[sword-devel] HowTo: create ztext module?

Tue May 9 09:06:10 MST 2006

> IIRC, Huffman encoding seems to produce an optimal compression. The
> basic idea is to build a trie with the shortest paths through the 
> trie
> being the most frequent patterns. The algorithms that I saw did this
> on input assuming a single byte character encoding such as ASCII or
> Latin-1. It is readily adaptable to UTF-8, by considering bytes 
> rather
> than characters.

I don't think this is typically true. At least for text, LZW type 
compression is generally superior (at least in compression ratio, not 
necessarily in speed).

> I am not aware of any available code to do this. It might exist. But
> it probably would need to be written.
>
> Is it worth the effort? I don't think so at this point and time. My
> take on it is that there is enough to do that this gets pushed
> further down my list of things to do (it is on my todo list). And
> unless it makes sense in the SWORD world as a contribution, it would
> only be an academic exercise for me (which I love doing).
>
> I think that in the LCDBible world, it would make lots of sense.

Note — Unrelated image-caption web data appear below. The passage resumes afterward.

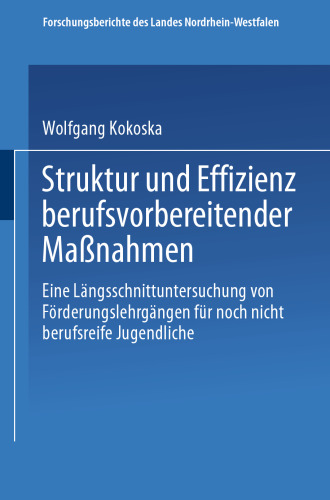 Struktur und Effizienz berufsvorbereitender Maßnahmen: Eine Längsschnittuntersuchung von Förderungslehrgängen für noch nicht berufsreife Jugendliche
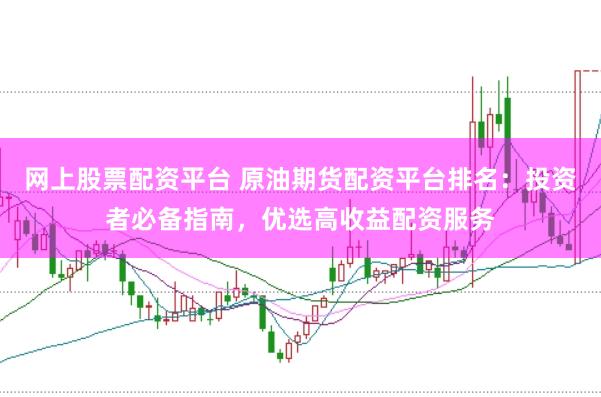 网上股票配资平台 原油期货配资平台排名：投资者必备指南，优选高收益配资服务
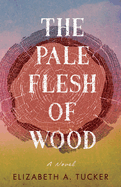 Pale Flesh of Wood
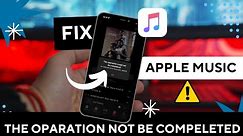 Fix "The Operation Could not be Completed" error in Apple Music | An Unknown Error Occurred (12171)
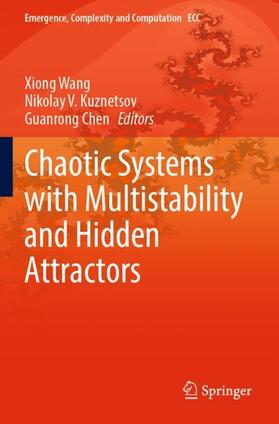 Wang / Chen / Kuznetsov |  Chaotic Systems with Multistability and Hidden Attractors | Buch |  Sack Fachmedien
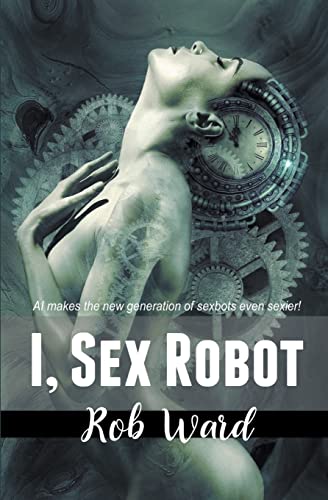 Stock image for I, Sex Robot for sale by California Books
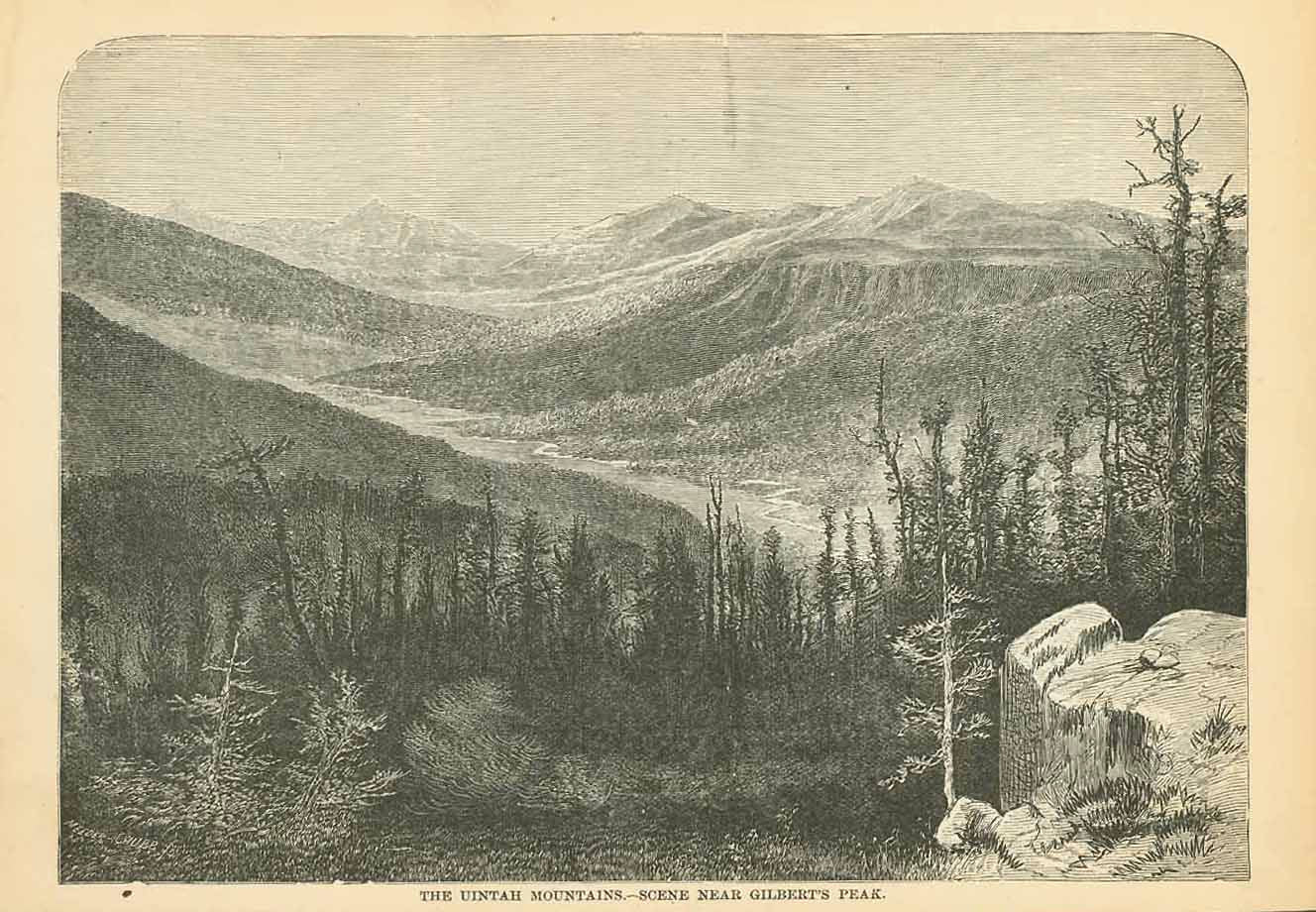 "The Unitah Mountains. - Scene Near Gilbert's Peak"  Wood engraving published ca 1875. On the reverse side is text about Colorado.  Original antique print 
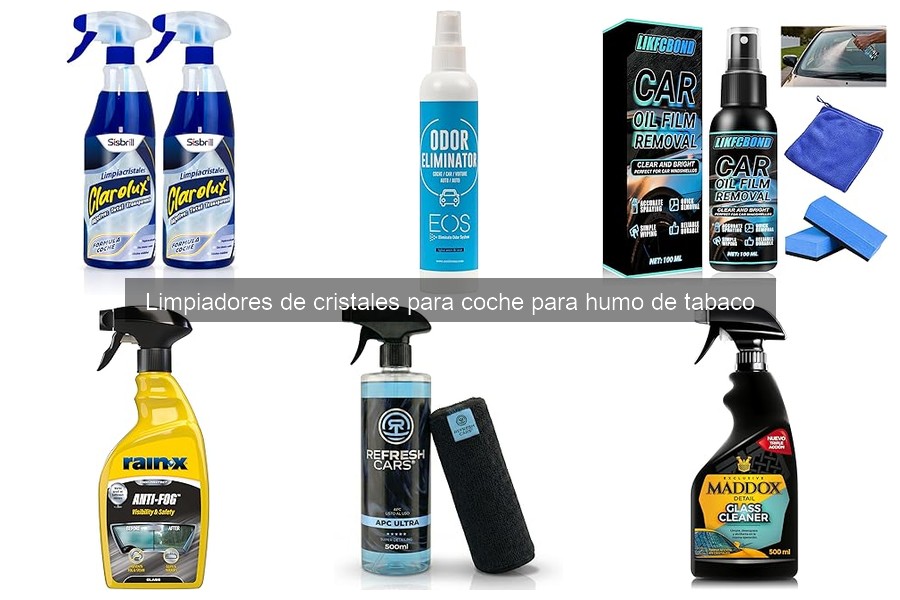 Comparativa de Limpiadores de Cristales para Coche de Humo de Tabaco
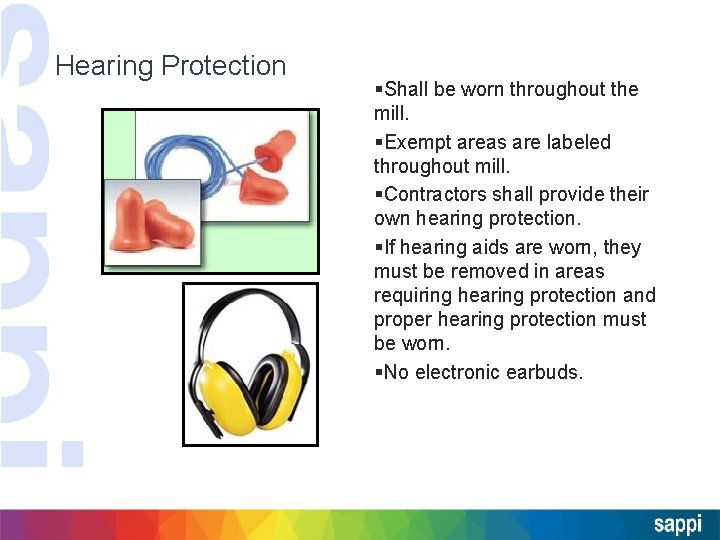 Hearing Protection §Shall be worn throughout the mill. §Exempt areas are labeled throughout mill.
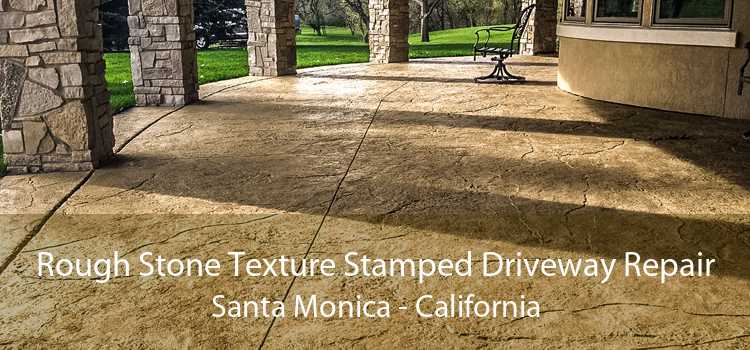 Rough Stone Texture Stamped Driveway Repair Santa Monica - California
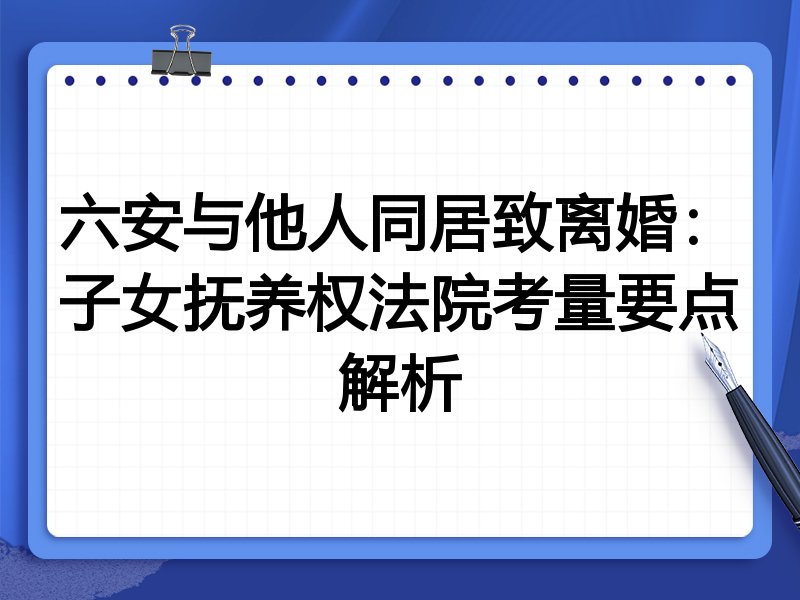 六安与他人同居致离婚:子女抚养权法院考量要点解析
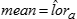 Mean is equal to the estimate of the log-odds ratio, lor hat sub a.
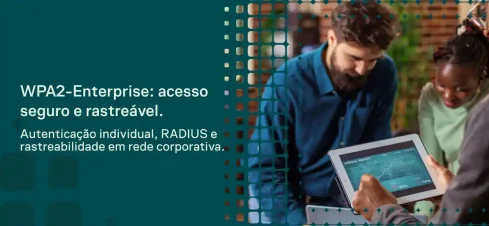Imagem promocional com texto “WPA2-Enterprise: acesso seguro e rastreável” e destaque para autenticação e rastreabilidade em rede corporativa, com pessoas usando um tablet em ambiente corporativo.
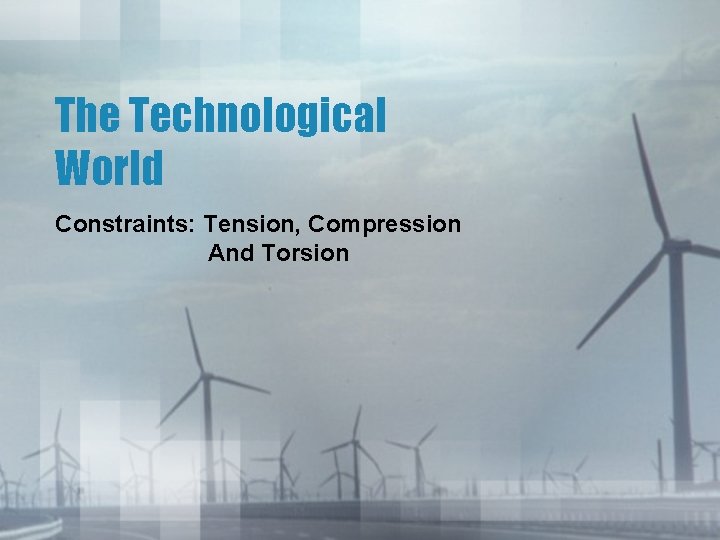The Technological World Constraints: Tension, Compression And Torsion 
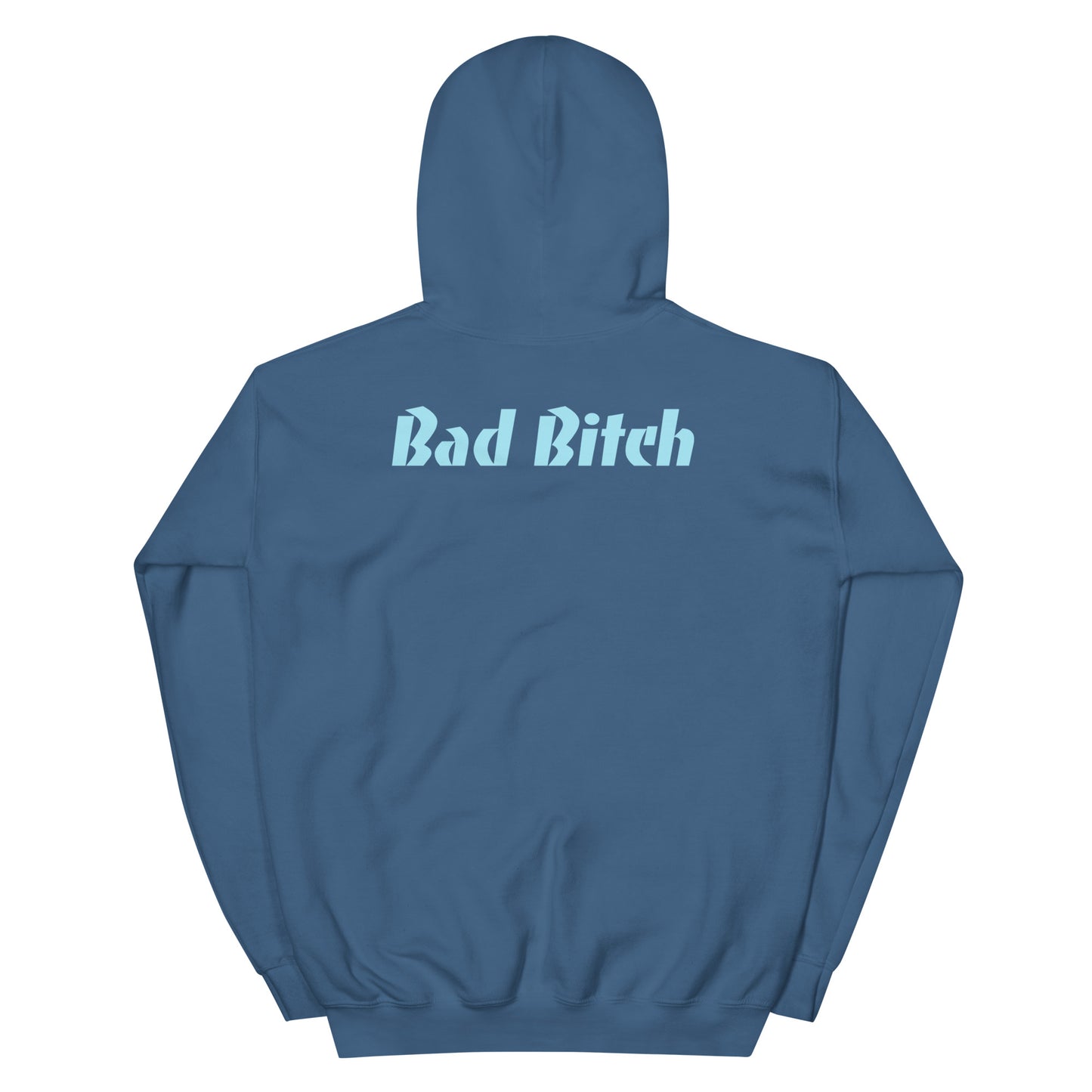 Bad Bitch Hoodie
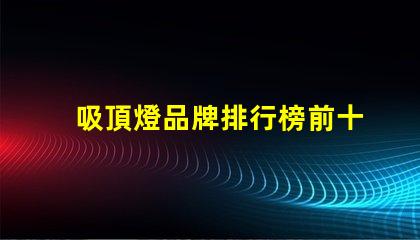 吸頂燈品牌排行榜前十名2023年最佳吸頂燈品牌推薦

A year or so ago, I defined a sourceforge project BibleDb that would 
be optimized for Bible decompression/decryption/search speed (not 
necessarily for compression ratio). The idea was a variable number of 
bits based on an analysis of word frequency. (6 or 10 or 14 bits). All 
tags would be external lengths/offsets, and not in the actual content 
in order to optimize searching.

As a group, all English Bibles have a fairly small number of words 
(about 16,000 ... give or take a thousand or so, depending on how you 
count capitalization, plurals, possessives, contractions, etc.), and 
the dictionary is very static. The ESV and WEB would have almost the 
exact same dictionary ... the KJV-1769/ASV would be only slightly 
different. A single dictionary would suffice for all English 
translations. (maybe a different dictionary for OT and NT?).

One intent was to have searches integrated in this (sort of like 
Lucene works?), and dictionaries / concordances would be feasible.

After some wrestling with it, I realized I don't have the time or math 
background or aptitude to have much of a chance of making it work. 
BibleDB is only in pre-alpha stage.
http://sourceforge.net/project/admin/?group_id=117234